For many years now I’ve made a habit on Christmas Eve of listening to a particularly beautiful rendition (Laurisden) of the Latin chant ‘O magnum mysterium’. An English translation of the text might run:
O great mystery,
and wonderful sacrament,
that animals should see the new-born Lord,
lying in a manger!
Blessed is the Virgin whose womb
was worthy to bearChrist the Lord.
The magnum mysterium – the ‘great mystery’ – is not some great unknown. It is the startling appearance of God in the world, out of season, unexpected. The trimmings to the magnum mysterium – a young woman ripe before season, watched by animals which cannot even tell the time – are fitting signs of what is at play here: pure gift, determined not by scheduling but by the Giver. And, so, this is a coming which – as any true gift does – takes place without expectation of reciprocation or exchange, because the ‘time‑ed’ cannot respond in terms of the ‘un‑timed’. True gift is overwhelming and the only appropriate response is thanksgiving.
In the birth of Jesus there is no frustrating mismatch of promising season and failed gift, to give rise to cynicism. Cynicism in politics and relationships at every level arises from failure to deliver.

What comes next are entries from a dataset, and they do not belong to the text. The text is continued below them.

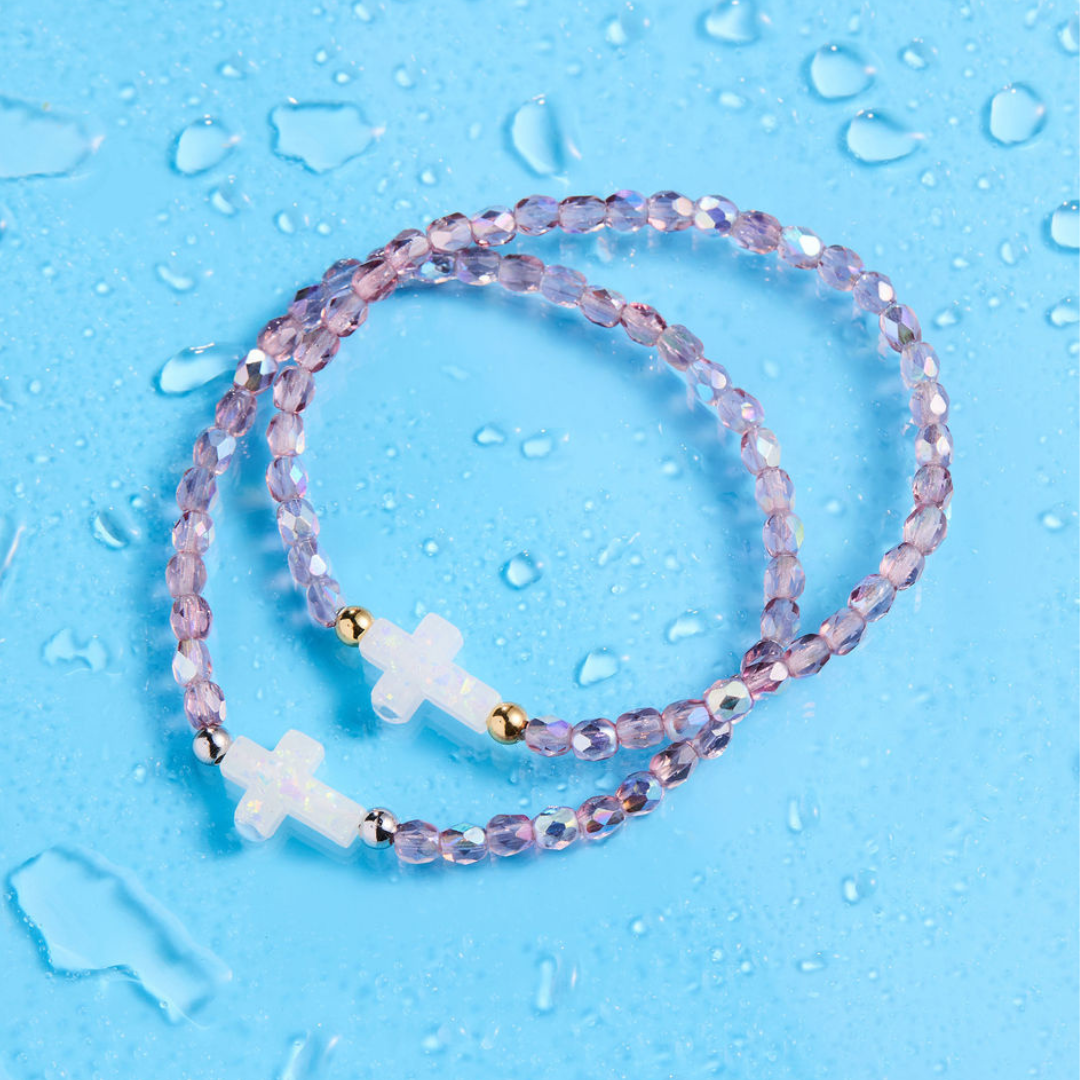 HOLY WATER BEADED AMETHYST AB CROSS BRACELET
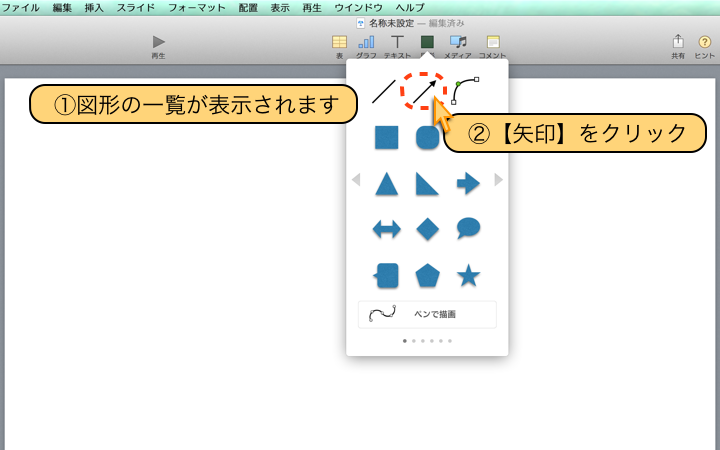 図形の一覧が表示されます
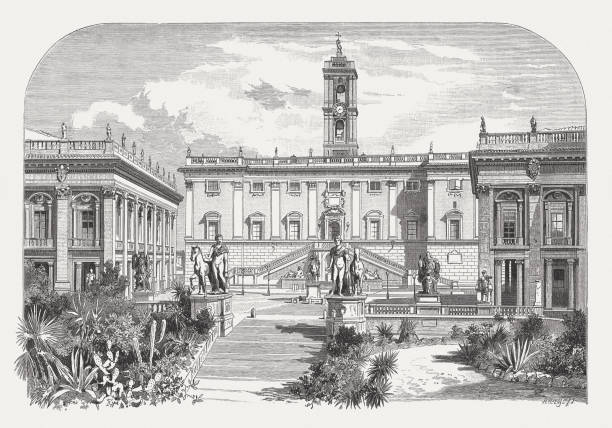 Capitoline Hill with Palazzo Senatorio, Rome, Italy, published in 1884 Piazza del Campidoglio, on the top of Capitoline Hill, with the façade of Palazzo Senatorio in Rome, Italy from the book "Die Kunstschätze Italiens" by Carl von Lützow. Published by J. Engelhorn, Stuttgart in 1884. capitoline hill stock illustrations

And scepticism that such a thing could happen is shown to be deeply pessimistic about the possibility of any gift really being given by anyone – the denial of good in human being, with or without God. The sceptic sees only by the dim light which we ourselves generate.
And so the story admits neither cynicism nor scepticism, even if the cynic’s disappointment and the sceptic’s self-loathing determine that the story ends on a cross.
True gift arrives from outside the times and seasons, and changes them by virtue of being something startlingly new. And this is Christmas, rightly told. And it is mystery, a kind of resident contradiction in our midst, calling us to a new thought. For we are cynics and sceptics and, in a world like ours, the Christmas story can only be a quiet rumour of freedom, peace, joy, gift. The rumour calls into question what we take for granted but is not quite true: that we are free, and able to give and receive true gifts – able to be truly and richly human.
For we are not free in this way, even in the season of the gift, the season of the free offering. And so the cynic and the sceptic are right, so far as they can be: our times and seasons are not working, and will not work.
To rumour a great mystery – a story of a true gift in a world which cannot properly give or receive – is to draw attention to unfreedom in our freedom-infatuated world. It is to say that the gift we are is to be found somewhere other than we are usually given to look.
But it is also to give impetus for us to do what Isaiah proposed this morning: to take up the rumour and to give God the true Giver no rest until we are freed from cynicism and scepticism, and experience ourselves as gift: liberated and liberating. For it is not that Christmas happened but that it had to happen, if we are to see the possibility of freedom, something only God could work:
the great mystery of beauty in the midst of unbeauty,
of freedom in the midst of unfreedom,
of gift where only exchange is known.
As this Christmas continues to unfold today and tomorrow and the next day, may some small measure of God’s giving be discovered in what is happening around you, that you might be filled where you are empty, freed where you are unfree, and take up the rumour of the angels, in a quiet alleluia.